The blog download contains such a data product - mydivisionview.duckdb - which was created by the notebook MakeViewDatabase and can be ingested by anyone using the notebook ReadViewDatabase. In this case then a file of only 268KB can deliver data of national (or even global) scale. This is the power of cloud-native well-known files read on-demand from the cloud. If the dataset source changes the same DuckDB database will always access the latest data.

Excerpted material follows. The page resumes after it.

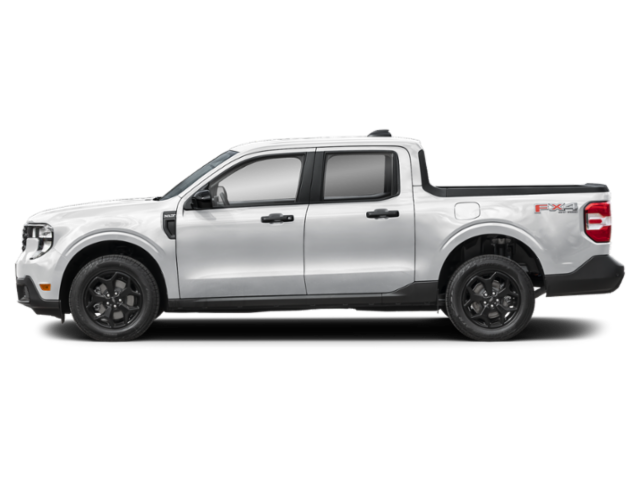 New 2025 Space White Metallic Ford XLT image 11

Below is the code for ReadViewDatabase. If you copy mydivisionview.duck db into your project hole folder it will deliver the view contents into your project default geodatabase in seconds (15 on my machine):

import arcpy
from datetime import datetime
import duckdb
import os
def getNow():
    return str(datetime.utcnow().replace(microsecond=0))
print(f"Extracting data at {getNow()}")
arcpy.env.overwriteOutput = True
aprx = arcpy.mp.ArcGISProject("CURRENT")
homeFolder = aprx.homeFolder
gdb = aprx.defaultGeodatabase
sR = arcpy.SpatialReference(4326)
duckDB = os.path.join(homeFolder,"MyDivisionView.duckdb")
conn = duckdb.connect(duckDB)
conn.sql("install spatial;load spatial;")
conn.sql("install httpfs;load httpfs;")
conn.sql("set enable_object_cache=true;")
duckDivisions = conn.sql(f"""select id,
                                xmin::float as xmin,
                                ymin::float as ymin,
                                xmax::float as xmax,
                                ymax::float as ymax,
                                version::short as version,
                                subtype,
                                primary_name,
                                class,
                                region,
                                country,
                                driving_side,
                                geometry
                                from MyDivisionView;""")
arcDivisions = arcpy.management.CreateFeatureclass(gdb,
                                                   out_name="My_Division_Areas",
                                                   geometry_type="POLYGON",
                                                   spatial_reference=sR).getOutput(0)
arcpy.management.AddField(in_table=arcDivisions,field_name="id",field_type="TEXT",field_length=32)
for f in ["xmin","ymin","xmax","ymax"]:
    arcpy.management.AddField(in_table=arcDivisions,field_name=f,field_type="FLOAT")
arcpy.management.AddField(in_table=arcDivisions,field_name="version",field_type="SHORT")
arcpy.management.AddField(in_table=arcDivisions,field_name="subtype",field_type="TEXT",field_length=20)
arcpy.management.AddField(in_table=arcDivisions,field_name="primary_name",field_type="TEXT",field_length=100)
arcpy.management.AddField(in_table=arcDivisions,field_name="class",field_type="TEXT",field_length=6)
arcpy.management.AddField(in_table=arcDivisions,field_name="region",field_type="TEXT",field_length=10)
arcpy.management.AddField(in_table=arcDivisions,field_name="country",field_type="TEXT",field_length=2)
arcpy.management.AddField(in_table=arcDivisions,field_name="driving_side",field_type="TEXT",field_length=10)
with arcpy.da.InsertCursor(arcDivisions,["id","xmin","ymin","xmax","ymax","version","subtype",
                                         "primary_name","class","region","country",
                                         "driving_side","shape@"]) as iCursor:
    row = duckDivisions.fetchone()
    i = 1
    while row:
        #if i % 1000 == 0:
        #     print('Inserted {} My_Division_Area rows'.format(i))
        row = list(row)
        row[-1] = arcpy.FromWKB(row[-1])
        iCursor.insertRow(row)
        i+=1
        row = duckDivisions.fetchone()
del iCursor
conn.close()
print(f"Data extracted at {getNow()}")

I'll finish with a few summary points:

Small cloud well-known files in the cloud are easily ingested.
Unlimited scale cloud well-known files in object storage are easily ingested.
Any scale cloud well-known file data in any view definition can be easily shared in tiny containers.